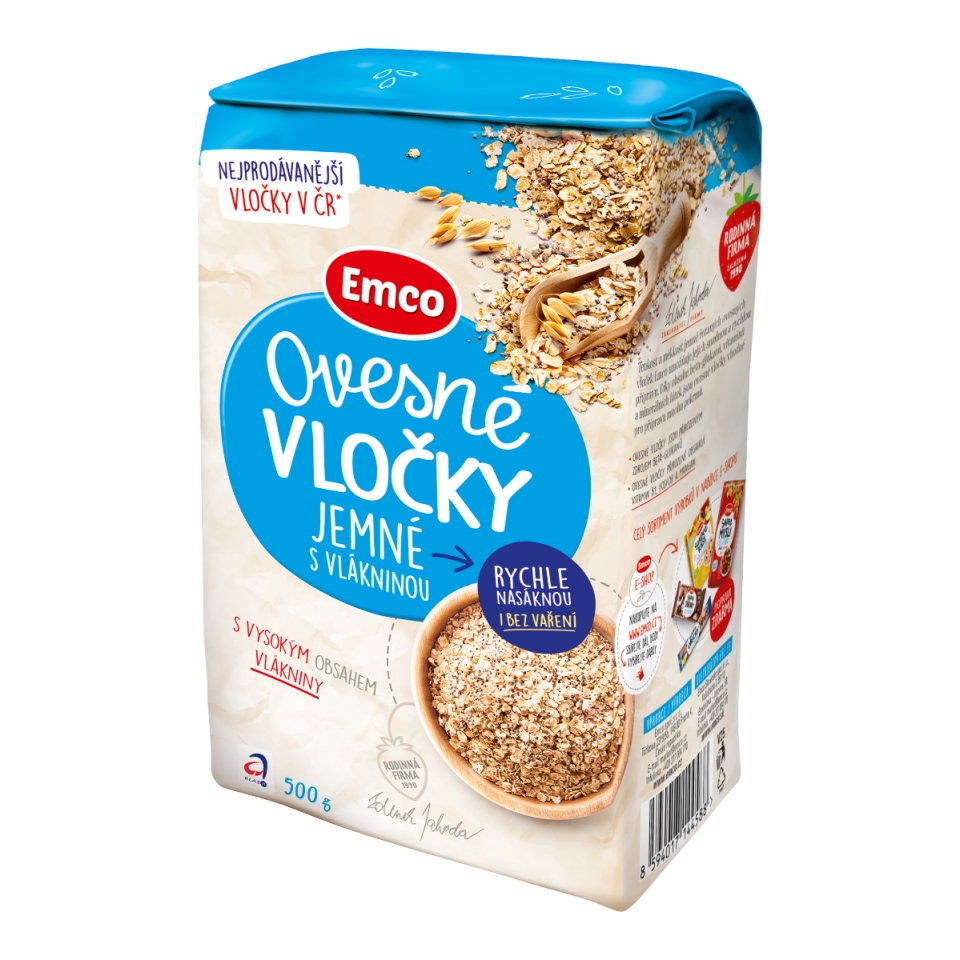 Náhled kategorie Emco Ovesné vločky jemné s vlákninou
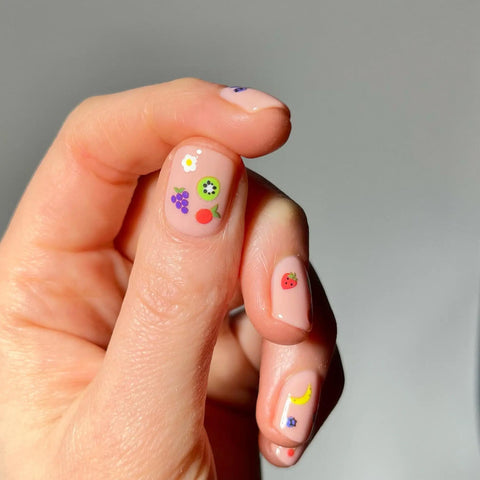 Teeny Fruits Nail Art Stickers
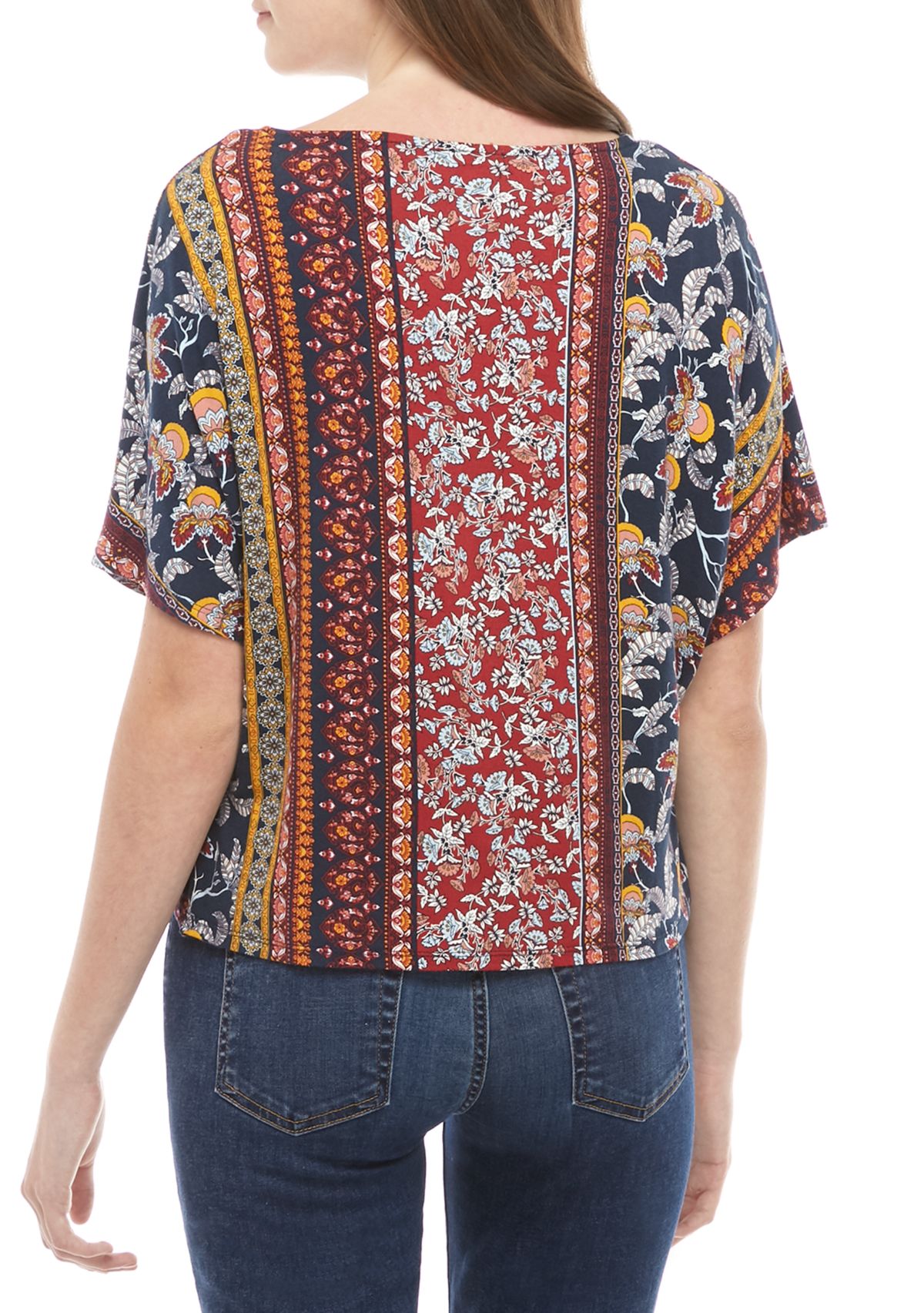 Twist Front V Neck Top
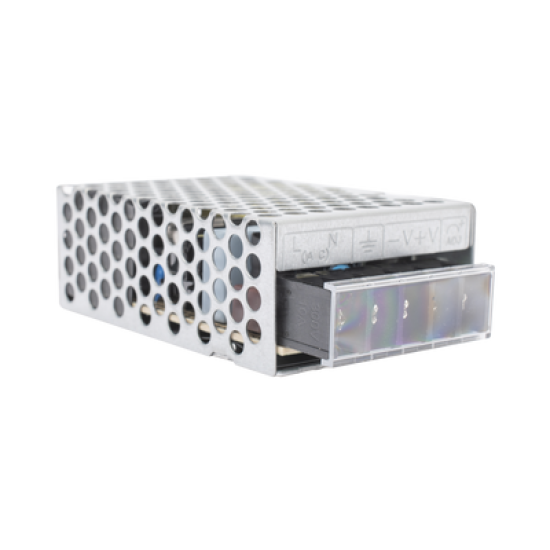 Fuente de Poder Industrial Conmutada 25W de Potencia, 5Vcc, 5A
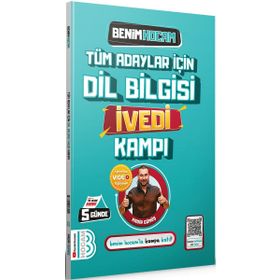 2024 Tüm Adaylar için Dil Bilgisi İvedi Kampı Benim Hocam Yayınları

########

Work to complete => Could you copy exactly, and with no pictures, the lines above from the one containing "Teeny Fruits Nail Art Stickers" through the last line, both included?

Exercise result =>
 Teeny Fruits Nail Art Stickers
 Twist Front V Neck Top
 Fuente de Poder Industrial Conmutada 25W de Potencia, 5Vcc, 5A
 2024 Tüm Adaylar için Dil Bilgisi İvedi Kampı Benim Hocam Yayınları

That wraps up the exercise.